# Akade.IndexedSet
A convenient data structure supporting efficient in-memory indexing and querying, including range queries and fuzzy string matching. In a nutshell, it allows you to write LINQ-like queries without enumerating through the entire list. If you are currently completely enumerating through your data, expect huge speedups and much better scalability!
A sample showing different queries as you might want do for a report:
// typically, you would query this from the db
var data = new Purchase[] {
new(Id: 1, ProductId: 1, Amount: 1, UnitPrice: 5),
new(Id: 2, ProductId: 1, Amount: 2, UnitPrice: 5),
new(Id: 6, ProductId: 4, Amount: 3, UnitPrice: 12),
new(Id: 7, ProductId: 4, Amount: 8, UnitPrice: 10) // discounted price
};
IndexedSet<int, Purchase> set = data.ToIndexedSet(x => x.Id)

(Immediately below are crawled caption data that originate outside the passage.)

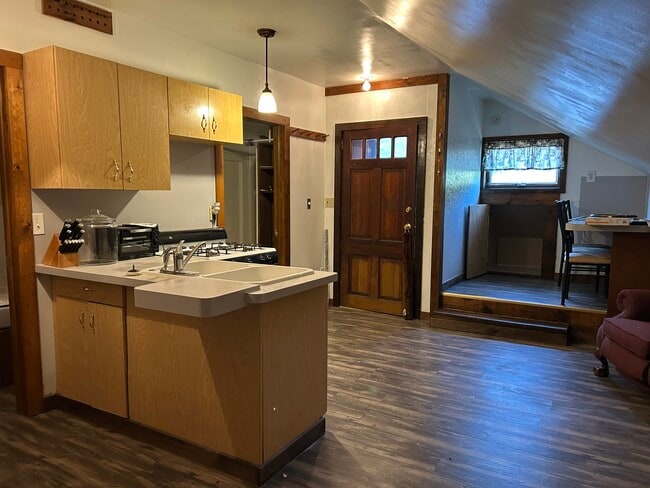 373 Evergreen Hollow Rd, Unit Apartment above Garage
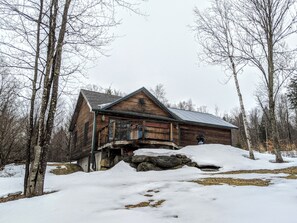 Exterior - True Mountain House (Middlesex)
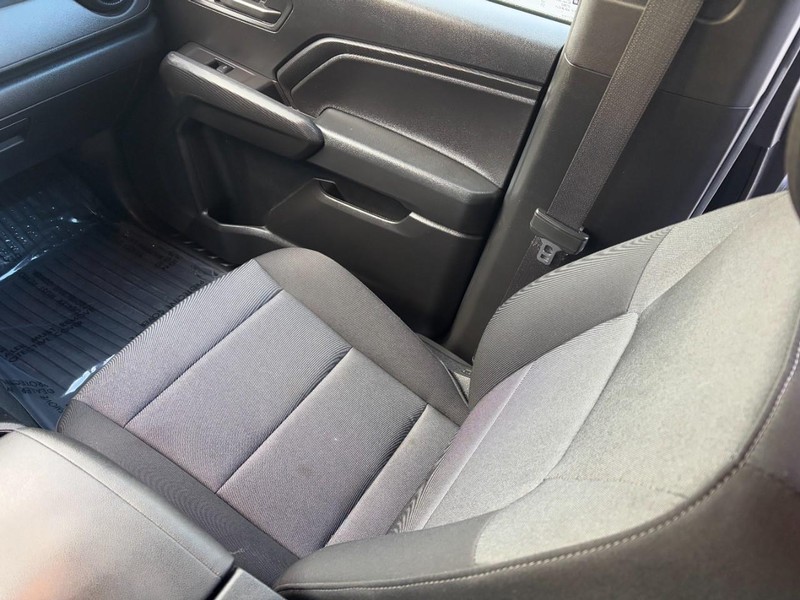 Chevrolet Colorado Vehicle Full-screen Gallery Image 14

.WithIndex(x => x.ProductId)
.WithRangeIndex(x => x.Amount)
.WithRangeIndex(x => x.UnitPrice)
.WithRangeIndex(x => x.Amount * x.UnitPrice)
.WithIndex(x => (x.ProductId, x.UnitPrice))
.Build();
// efficient queries on configured indices
// in contrast to standard LINQ, they do not enumerate the entire list!
_ = set.Where(x => x.ProductId, 4);
_ = set.Range(x => x.Amount, 1, 3, inclusiveStart: true, inclusiveEnd: true);
_ = set.GreaterThanOrEqual(x => x.UnitPrice, 10);
_ = set.MaxBy(x => x.Amount * x.UnitPrice);
_ = set.Where(x => (x.ProductId, x.UnitPrice), (4, 10));
Below, you find runtime complexities. Benchmarks can be found here
Query | Unique-Index | NonUnique-Index | Range-Index |
---|---|---|---|
Single | ⚠ O(1) | ⚠ O(1) | ⚠ O(log n) |
Where | ✔ O(1) | ✔ O(m) | ✔ O(log n + m) |
Range | ❌ | ❌ | ✔ O(log n + m) |
< / <= | ❌ | ❌ | ✔ O(log n + m) |
> / >= | ❌ | ❌ | ✔ O(log n + m) |
OrderBy | ❌ | ❌ | ✔ O(m) |
Max/Min | ❌ | ❌ | ✔ O(1) |
Query | Prefix-Index | FullText-Index |
---|---|---|
StartWith | ✔ O(w+r) | ✔ O(w+r) |
Contains | ❌ | ✔ O(w+r) |
Fuzzy StartWith | ✔ O(w+D+r) | ✔ O(w+D+r) |
Fuzzy Contains | ❌ | ✔ O(w+D+r) |
ℹ FullText indices use a lot more memory than prefix indices and are more expensive to construct. Only use FullText indices if you really require it.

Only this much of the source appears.